TASK BRIEF. Please reproduce the listing in its entirety, exactly as written, but without images.

RECORDS SHOWN.
* * * *
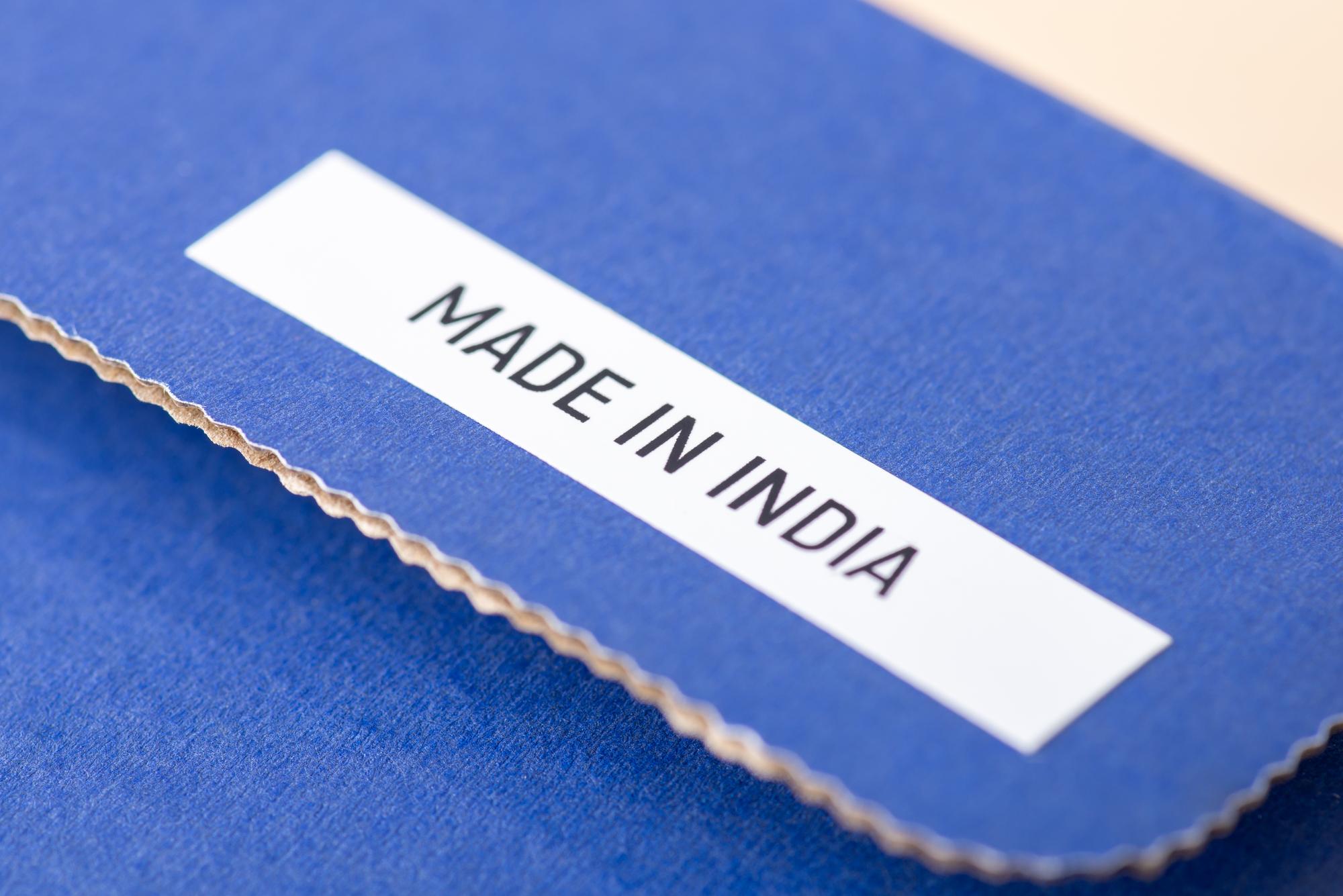 packaging label with embroidered seal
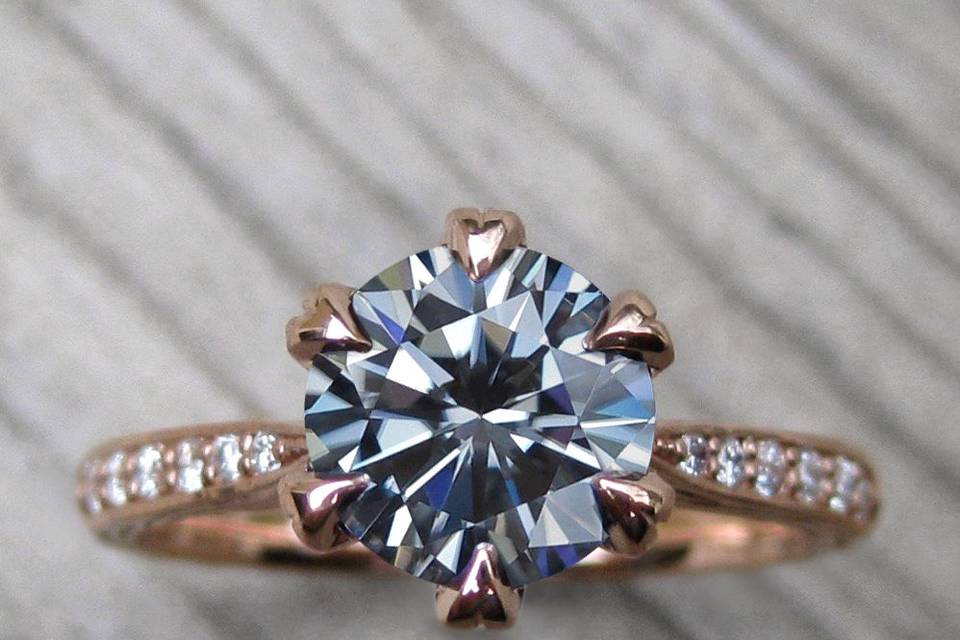 The Camille, an iconic grey moissanite center and diamond accents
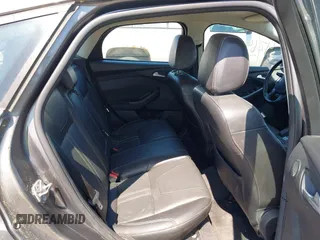 2014 Ford Focus Titanium with VIN 1FADP3N22EL317007, listed as a IAAI auction lot 42641134 with 159,705 mi miles and . Bid and sale history available at DreamBid. Image 8.
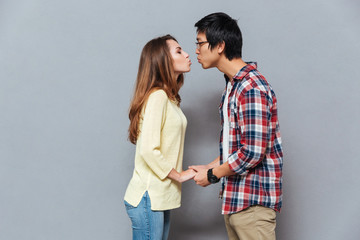 Poster - Young attractive interracial couple standing and kissing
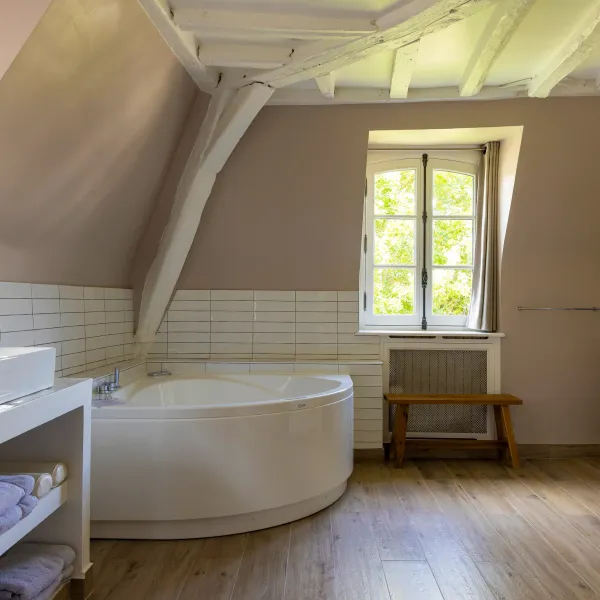 Salle de bain avec baignoire, double vasque, miroir et fenêtre ouverte sur un jardin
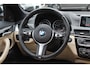 BMW X1 sDrive18i Centennial High Exe. 107.983 km! / Panoramadak / Head-up / Leder / 18'' / Keyless / Navigatie / Sportstoelen / Stoelverwarming / Cruise Control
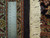 Ruler measuring knot density along the black selvage and ivory fringe of this Persian rug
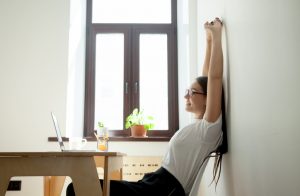Woman Practicing Mindfulness Stretching Arms While Sitting at Table With Laptop Computer | Vitacost.com/blog
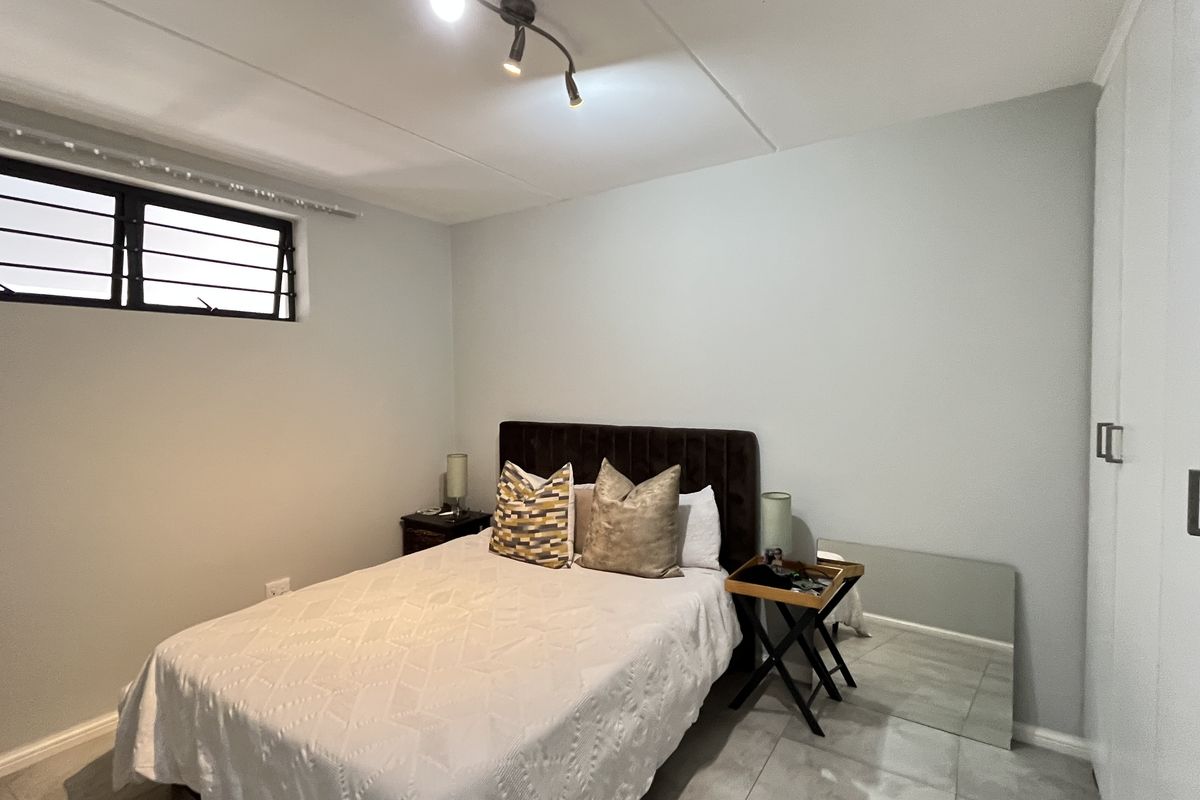 A bedroom featuring tiled flooring, built-in wardrobes, and a window with security bars, providing a functional and neutral living space.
* * * *
RESULT BELOW.
 packaging label with embroidered seal
 The Camille, an iconic grey moissanite center and diamond accents
 2014 Ford Focus Titanium with VIN 1FADP3N22EL317007, listed as a IAAI auction lot 42641134 with 159,705 mi miles and . Bid and sale history available at DreamBid. Image 8.
 Poster - Young attractive interracial couple standing and kissing
 Salle de bain avec baignoire, double vasque, miroir et fenêtre ouverte sur un jardin
 BMW X1 sDrive18i Centennial High Exe. 107.983 km! / Panoramadak / Head-up / Leder / 18'' / Keyless / Navigatie / Sportstoelen / Stoelverwarming / Cruise Control
 Ruler measuring knot density along the black selvage and ivory fringe of this Persian rug
Woman Practicing Mindfulness Stretching Arms While Sitting at Table With Laptop Computer | Vitacost.com/blog
 A bedroom featuring tiled flooring, built-in wardrobes, and a window with security bars, providing a functional and neutral living space.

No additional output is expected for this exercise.